Пока первая курица кипела в чайнике, мы успели надраться в предвкушении курятины. Потом мы ее съели, засунули в чайник следующую и все заснули. Пока мы спали, вода из чайника выкипела и по коридорам понесло запахом жареной курицы, у всей остальной морской братии слюнки потекли… Но дело не в этом, а в том, что по гостинице уже давно был объявлен розыск двух девиц – чьих-то «невест». Ребята из морской дружбы перепрятывали этих девиц по номерам, подвалам и чердакам уже неделю, и администрация с ног сбилась. Даже немецких овчарок приводили. Но ребята не поскупились на трубочный табак и засыпали им все щели. Овчарки чуть было своих собственных руководителей не перекусали. И вот наша судовая администрация и гостиничная администрация делают очередной неожиданный налет.
Входят они в наш номер. Видят, из чайника дым идет, в шкафу что-то трепыхается, мы все спим, а над нами пух летает и перья. Ну, ясно, что в шкафу девицы спрятались. Собрали свидетелей, понятых – все как положено… Знаешь состояние человека, который совсем уже собрался чихнуть? Уже и глаза закрыл, и нос сморщил, и весь уже находится в предвкушении блаженного, желанного чиха – ан нет, не чихнулось! Вот такое, вероятно, пережили члены поисковой комиссии, когда из шкафа петух вместо девиц выскочил и закукарекал.
Мы глаза продрали, но ничего понять не можем: вокруг много начальства, из чайника черный дым валит, и среди всего этого беспорядка петух летает и кукарекает… Смешно, но именно через этот случай я узнал, что такое полная, стопроцентная психическая несовместимость…
У меня училище наконец закончено было, диплом в кармане, а меня за этого петуха еще на один рейс – плотником, да еще артельным в придачу выбрали. И загремел я в тропики на казаке «Степане Разине» – питьевую воду мерить и муку развешивать.

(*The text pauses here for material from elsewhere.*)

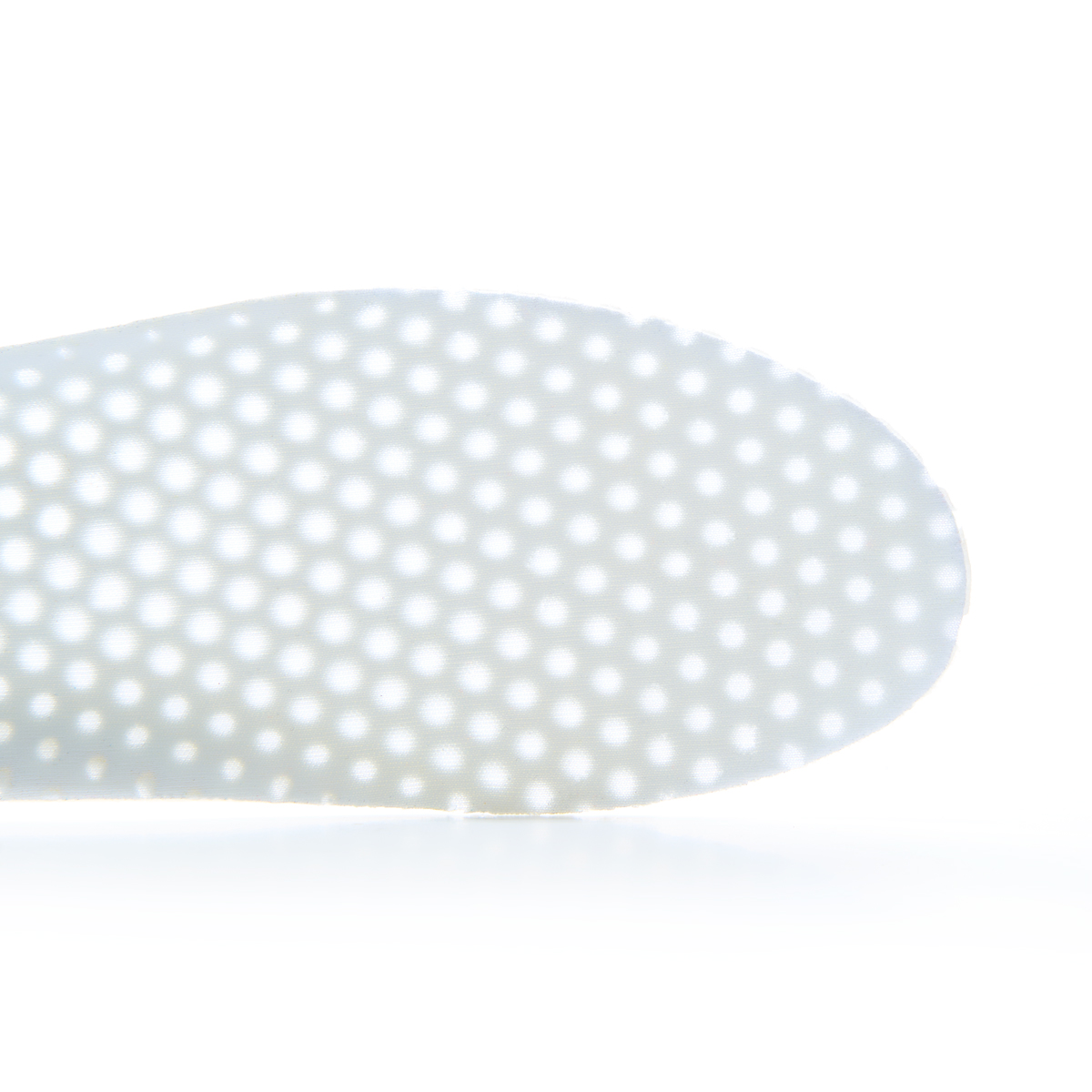 Стельки для обуви TORRES толщина 3-6мм, Размер 28, Цвет Белый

Ладно. Гребем. Жара страшная. Взяли на Занзибаре мясо. Что это было за мясо – я и сейчас не знаю, может быть зебры. Или такое предположение тоже было – бегемота. И вот это старшего помощника, естественно, тревожило. И он старался подобрать к незнакомому мясу подходящую температуру в холодильнике, то есть в холодной артелке. Каждый день в восемь тридцать спускался ко мне в артелку, нюхал бегемотину и смотрел температуру. И так меня к своим посещениям приучил – а пунктуальности он был беспримерной, – что я по нему часы проверял.
Звали чифа Эдуард Львович, фамилия – Саг-Сагайло.
Никогда в жизни я не сажал людей в холодильник специально. Грешно сажать человека в холодильник и выключать там свет, даже если человек тебе друг-приятель. А если ты с ним вообще мало знаком и он еще твой начальник, то запирать человека на два часа в холодильнике просто глупо.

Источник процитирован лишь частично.